Problem to work on — Set down each record below precisely, skipping the pictures.

Data listing —
====

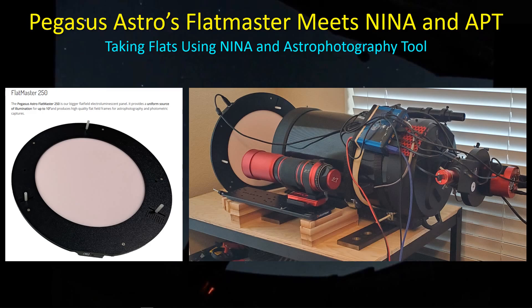Hey guys, welcome back. I'm going to talk about the Flatmaster 250. I decided to go out and buy one of these fairly expensive flat panels produced by Pegasus Astro because I've been having some trouble with taking flats, or at least I think I may be having trouble. Certainly they're not always working and I can't help but think that maybe some of the problem is just the method I'm using of taking the flats.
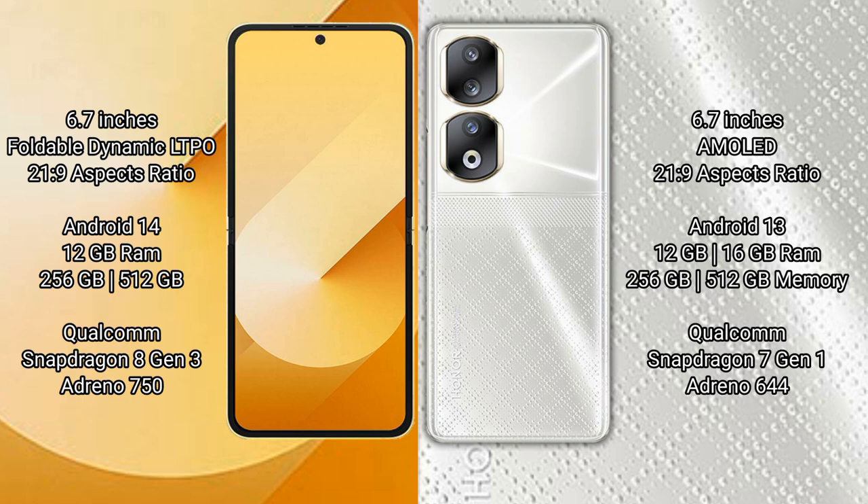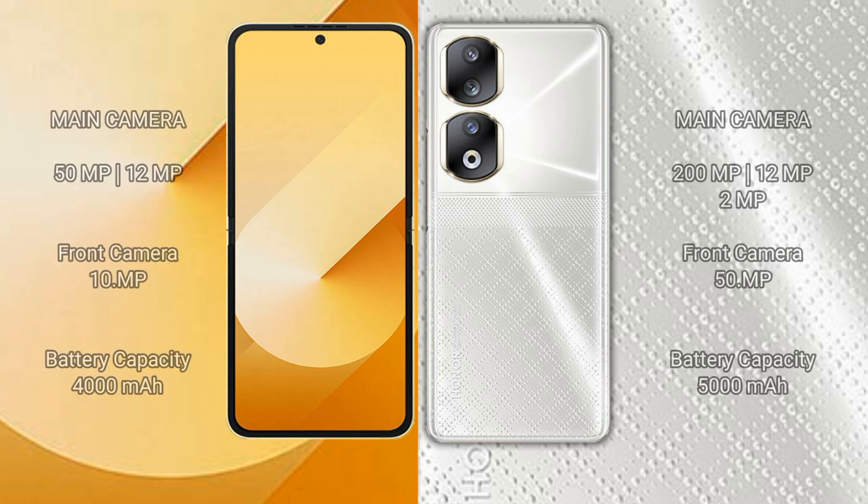Samsung Galaxy Z Flip 6 features a Qualcomm Snapdragon processor. Honor 90 comes with 8GB, 12GB, or 16GB RAM and 256GB or 512GB internal storage, with a Qualcomm Snapdragon 7 Gen 1 processor.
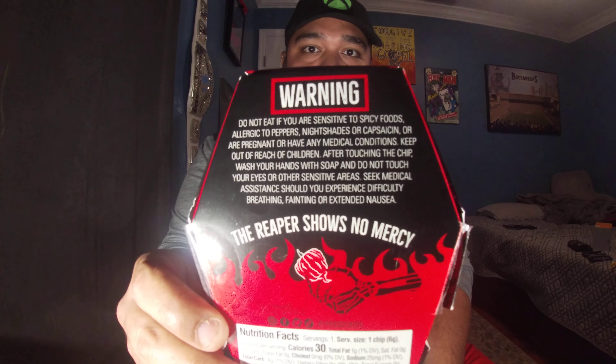What up ladies and gentlemen, Strength Tank here. It's probably been about 20 to 25 minutes after I've had that chip challenge. Here's the box right here. Yes, it was extremely hot — I am still feeling a good amount of the effects of this chip right here.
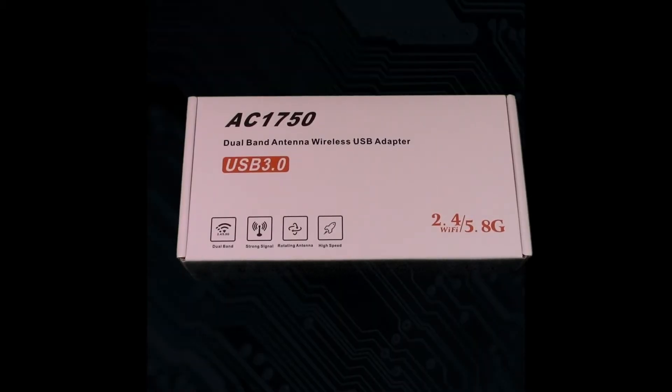Mike bought here. I'm going to be doing a quick little unboxing and demo of this Tech Key USB Wi-Fi adapter, AC 1750 model, this one here.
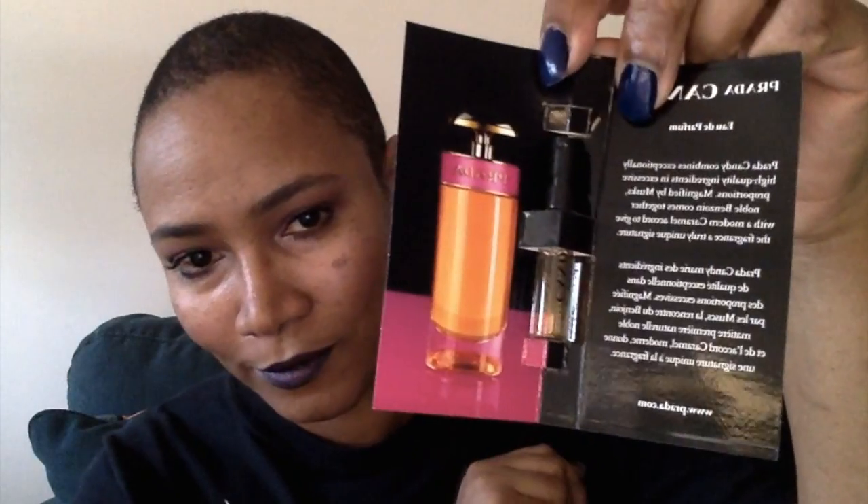The first thing in this bag is the Prada Candy Eau de Parfum. This is the fragrance sample we get every month. I already know what this smells like — it smells pretty good, it's a decent scent. It's sweet, so if you're not into sweet scents this is not for you, but it does smell pretty decent.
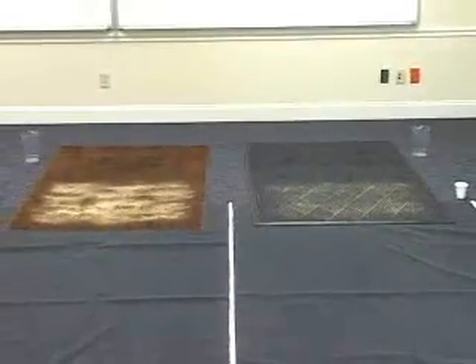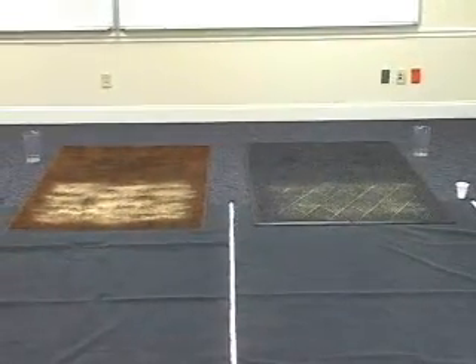I think right away you can see pretty clearly that there's a difference in the way the mats react to the water as well as to the sand. And now what we're going to do is have people walk across this and just observe what happens to the sand as the traffic goes across it.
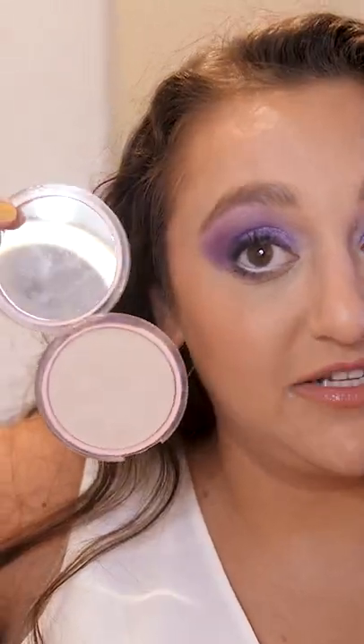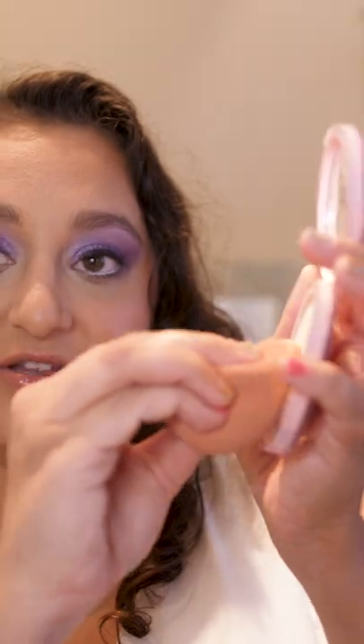It's way too light for my skin. So what I do, I go into the lighter one on my sponge, then into the darker one, and then lightly back into the lighter one, and I just press this in with my sponge.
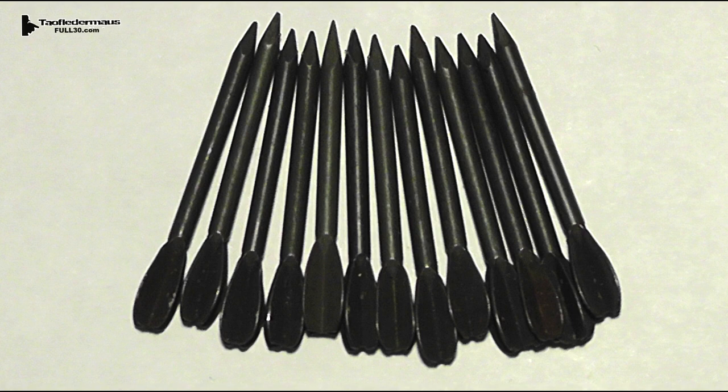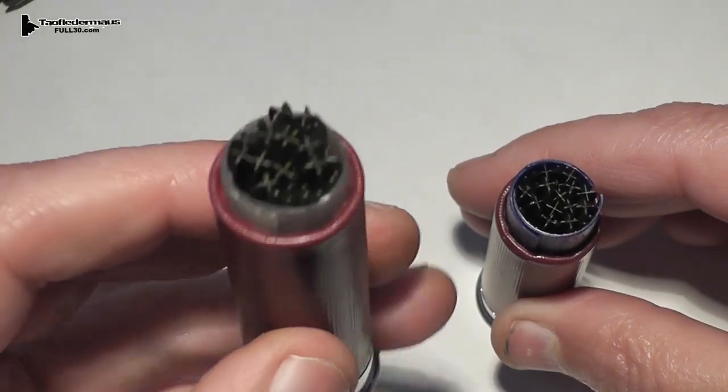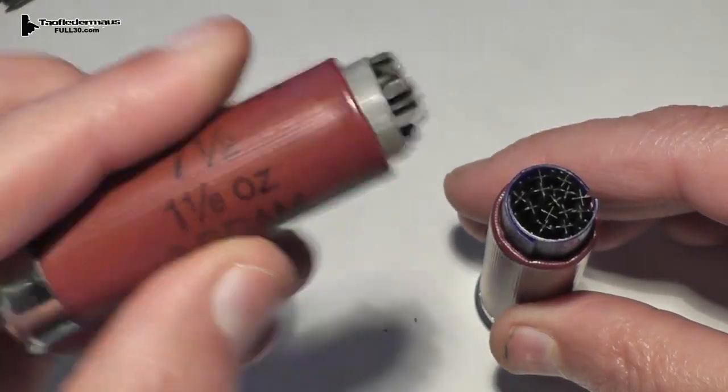Now since these have those integral fletchings on the back, they're pretty big on the back, so trying to stack them uniformly into a shell is difficult if you want them all pointed forward. So they're often staggered — half of them are pointed forward, half of them are pointed backwards. When you shoot them, the ones going backwards will flip around and start flying straight like a dart. And that's what it looks like when you load them into a shell.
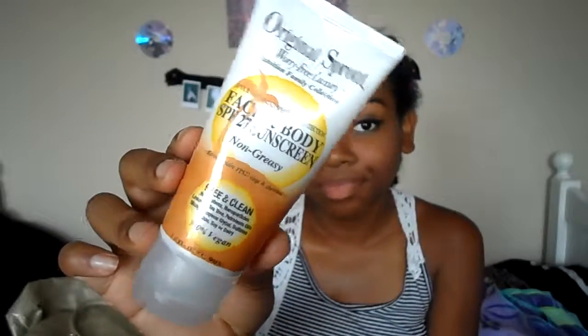Next are basically just beauty products. Starting off with sunscreens because I have to protect myself. I like to use the Neutrogena Wet Skin Kids Beach and Pool Sunscreen — it's SPF 70 plus, a spray so it's easy to put on, you can apply it when you're wet, and it's waterproof. And then for my face, since I have really sensitive skin, I use the Original Sprout Face and Body SPF 27 sunscreen. I like this because it's non-greasy and 100% vegan and organic.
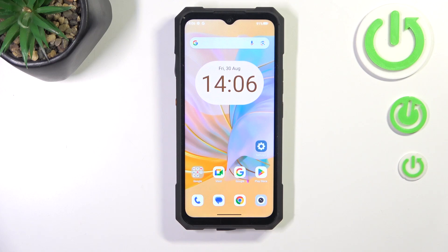Hi everyone. In front of me I've got a Cubo King Kong X and let me share with you how to soft reset this device.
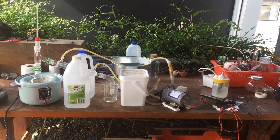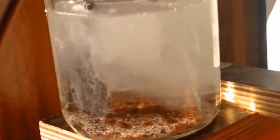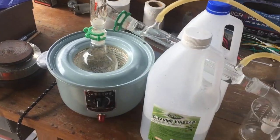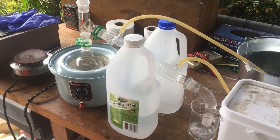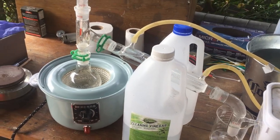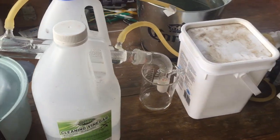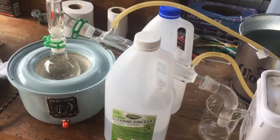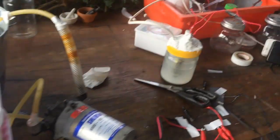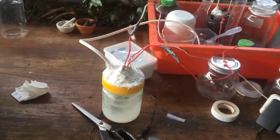Hi guys, Harry here. Welcome to Scrap Science. Heavy water — alright, what part are we up to now? I don't know, like part four or something? If you've seen the other three or so videos on the heavy water series, you'll know that what I'm doing right now is I'm distilling the heavy water, or the water that's concentrated in deuterium, to make it nice and pure so we can put it back into another electrolysis cell and continue electrolyzing down.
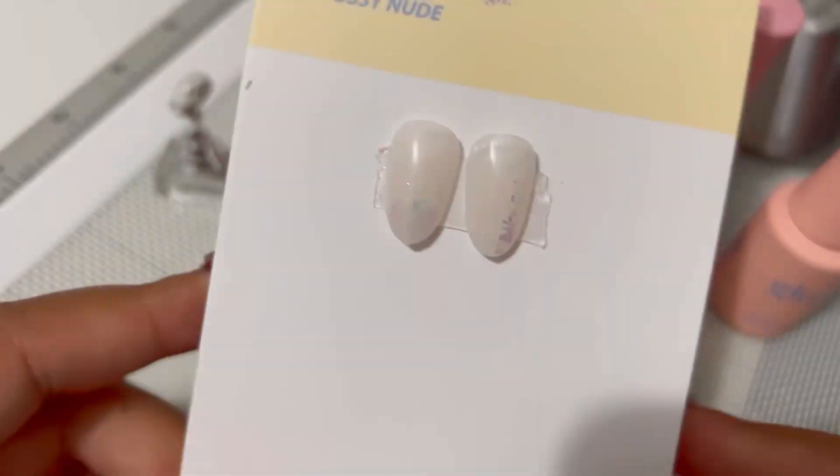So this is the star of the show — I placed this order specifically for this collection. This is the Eye Semi Glow Collection. It consists of five syrup gels in nude tones, and I'll explain a little bit more about them.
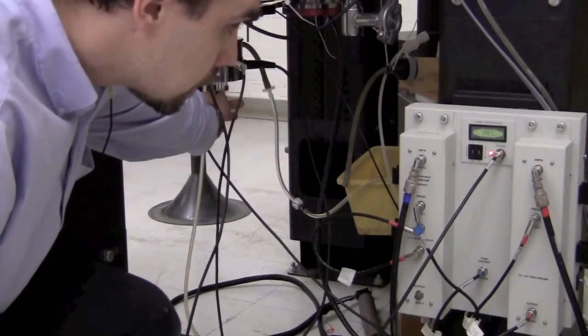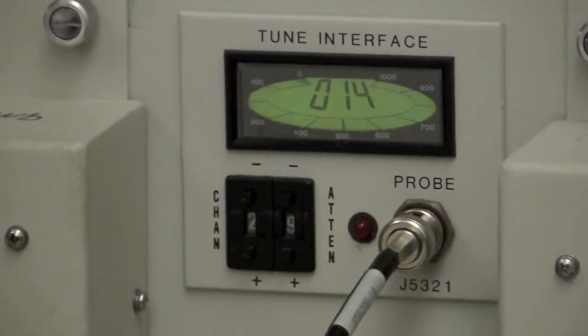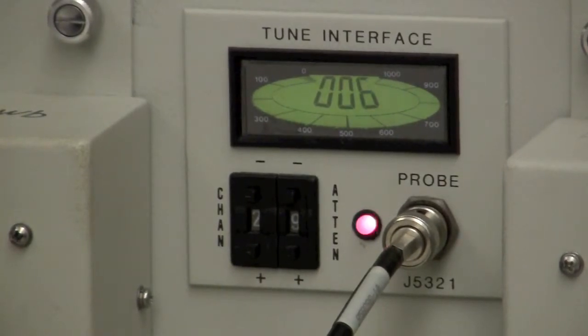Adjust the match until it gets as low as possible, then adjust the tune a little bit, and go back to the match to see if you can do better. There is a single optimum that depends on both tune and match. Ideally they would be independent, but unfortunately the two interact — as you improve one, it makes the other a little bit worse. You want to make the overall number as small as possible.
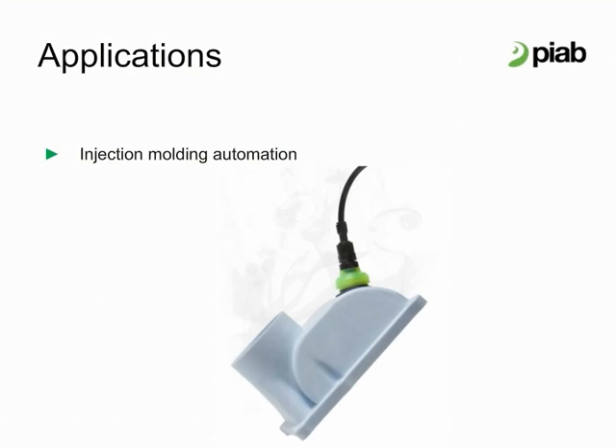Potential applications have also been unlocked in the injection molding automation market at both the user and OEM level with the introduction of the hot surface lips for Pi Grip.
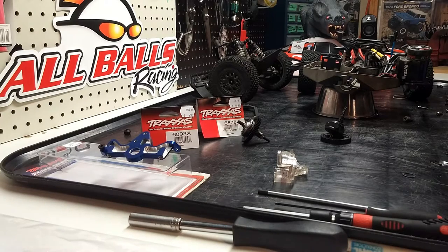I picked up this Traxxas Slash a couple of months ago. This is the Low Center Gravity 4x4 Slash. I've wanted one, found one for a good price, so I ended up picking it up. I needed to do a couple of things to get it up and going.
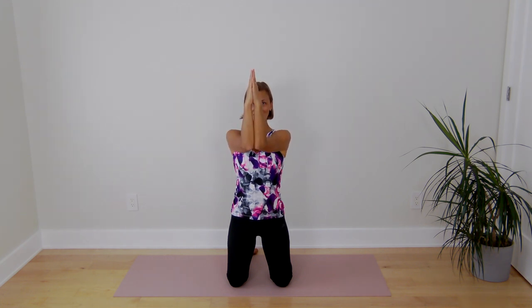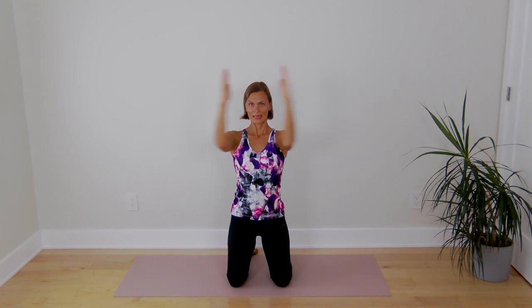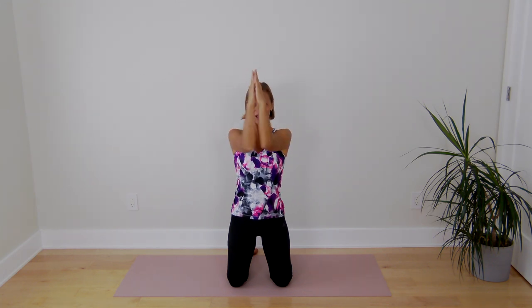Keep your elbows bent. Bring your elbows and palms in front and squeeze and open. 1, 2, 3, 4, 5, 6, 7, 8, 9, 10. 1, 2, 3, 4, 5, 6, 7, 8, 9, 20. 1, 2, 3, 4, 5, 6, 7, 8, 9, and 30.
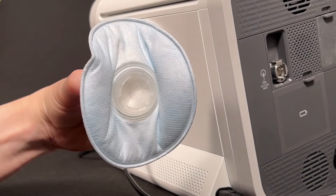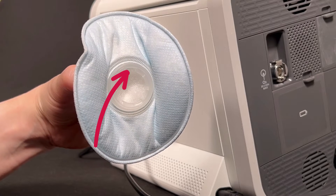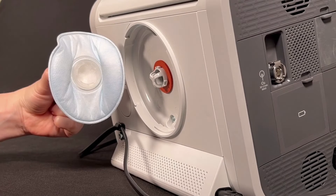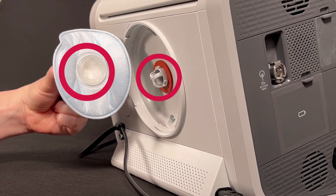Next, put the new particulate filter in. Hold the base of the filter with one hand. Make sure one notch in the base of the filter is pointed up toward the ceiling. Line up the notches on the base of the particulate filter with the notches on the filter mount in the Trilogy Evo.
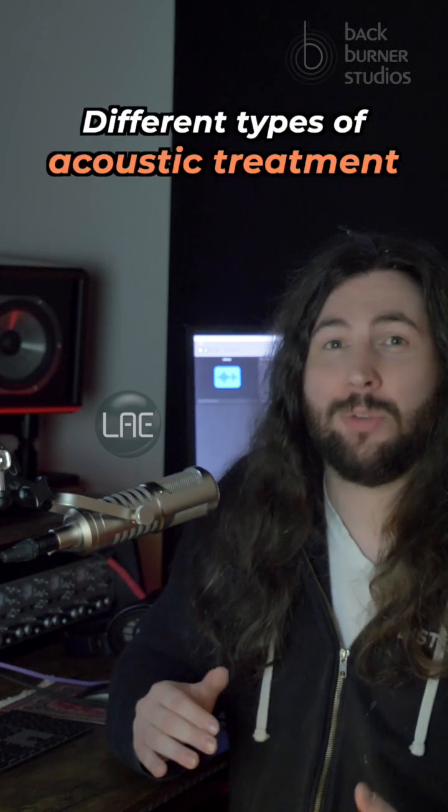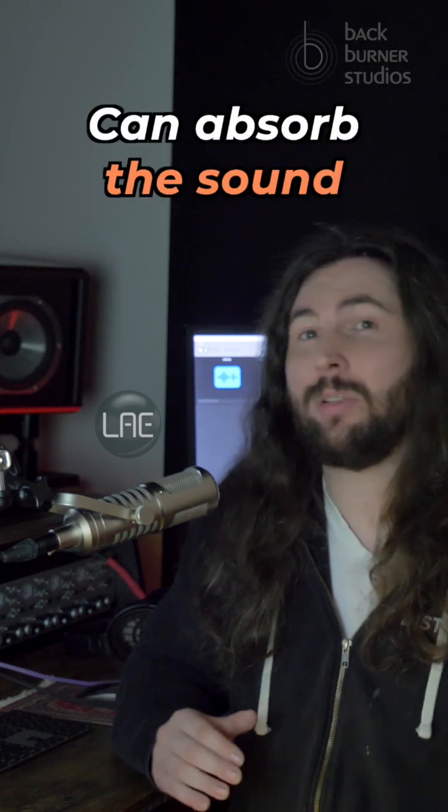Let's find out how well different types of acoustic treatment can absorb the sound coming from this speaker.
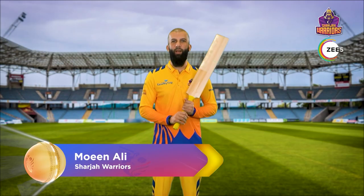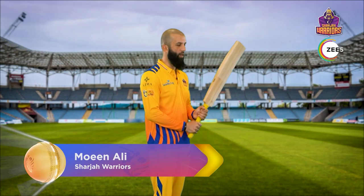Hi to all my Indian fans out there. I'll be showing you my favorite shot, which is a square drive.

====

Task answer —
Hey guys, welcome back. I'm going to talk about the Flatmaster 250. I decided to go out and buy one of these fairly expensive flat panels produced by Pegasus Astro because I've been having some trouble with taking flats, or at least I think I may be having trouble. Certainly they're not always working and I can't help but think that maybe some of the problem is just the method I'm using of taking the flats.
Samsung Galaxy Z Flip 6 features a Qualcomm Snapdragon processor. Honor 90 comes with 8GB, 12GB, or 16GB RAM and 256GB or 512GB internal storage, with a Qualcomm Snapdragon 7 Gen 1 processor.
What up ladies and gentlemen, Strength Tank here. It's probably been about 20 to 25 minutes after I've had that chip challenge. Here's the box right here. Yes, it was extremely hot — I am still feeling a good amount of the effects of this chip right here.
Mike bought here. I'm going to be doing a quick little unboxing and demo of this Tech Key USB Wi-Fi adapter, AC 1750 model, this one here.
The first thing in this bag is the Prada Candy Eau de Parfum. This is the fragrance sample we get every month. I already know what this smells like — it smells pretty good, it's a decent scent. It's sweet, so if you're not into sweet scents this is not for you, but it does smell pretty decent.
I think right away you can see pretty clearly that there's a difference in the way the mats react to the water as well as to the sand. And now what we're going to do is have people walk across this and just observe what happens to the sand as the traffic goes across it.
It's way too light for my skin. So what I do, I go into the lighter one on my sponge, then into the darker one, and then lightly back into the lighter one, and I just press this in with my sponge.
Now since these have those integral fletchings on the back, they're pretty big on the back, so trying to stack them uniformly into a shell is difficult if you want them all pointed forward. So they're often staggered — half of them are pointed forward, half of them are pointed backwards. When you shoot them, the ones going backwards will flip around and start flying straight like a dart. And that's what it looks like when you load them into a shell.
Next are basically just beauty products. Starting off with sunscreens because I have to protect myself. I like to use the Neutrogena Wet Skin Kids Beach and Pool Sunscreen — it's SPF 70 plus, a spray so it's easy to put on, you can apply it when you're wet, and it's waterproof. And then for my face, since I have really sensitive skin, I use the Original Sprout Face and Body SPF 27 sunscreen. I like this because it's non-greasy and 100% vegan and organic.
Hi everyone. In front of me I've got a Cubo King Kong X and let me share with you how to soft reset this device.
Hi guys, Harry here. Welcome to Scrap Science. Heavy water — alright, what part are we up to now? I don't know, like part four or something? If you've seen the other three or so videos on the heavy water series, you'll know that what I'm doing right now is I'm distilling the heavy water, or the water that's concentrated in deuterium, to make it nice and pure so we can put it back into another electrolysis cell and continue electrolyzing down.
So this is the star of the show — I placed this order specifically for this collection. This is the Eye Semi Glow Collection. It consists of five syrup gels in nude tones, and I'll explain a little bit more about them.
Adjust the match until it gets as low as possible, then adjust the tune a little bit, and go back to the match to see if you can do better. There is a single optimum that depends on both tune and match. Ideally they would be independent, but unfortunately the two interact — as you improve one, it makes the other a little bit worse. You want to make the overall number as small as possible.
Potential applications have also been unlocked in the injection molding automation market at both the user and OEM level with the introduction of the hot surface lips for Pi Grip.
I picked up this Traxxas Slash a couple of months ago. This is the Low Center Gravity 4x4 Slash. I've wanted one, found one for a good price, so I ended up picking it up. I needed to do a couple of things to get it up and going.
Keep your elbows bent. Bring your elbows and palms in front and squeeze and open. 1, 2, 3, 4, 5, 6, 7, 8, 9, 10. 1, 2, 3, 4, 5, 6, 7, 8, 9, 20. 1, 2, 3, 4, 5, 6, 7, 8, 9, and 30.
Next, put the new particulate filter in. Hold the base of the filter with one hand. Make sure one notch in the base of the filter is pointed up toward the ceiling. Line up the notches on the base of the particulate filter with the notches on the filter mount in the Trilogy Evo.
Let's find out how well different types of acoustic treatment can absorb the sound coming from this speaker.
Hi to all my Indian fans out there. I'll be showing you my favorite shot, which is a square drive.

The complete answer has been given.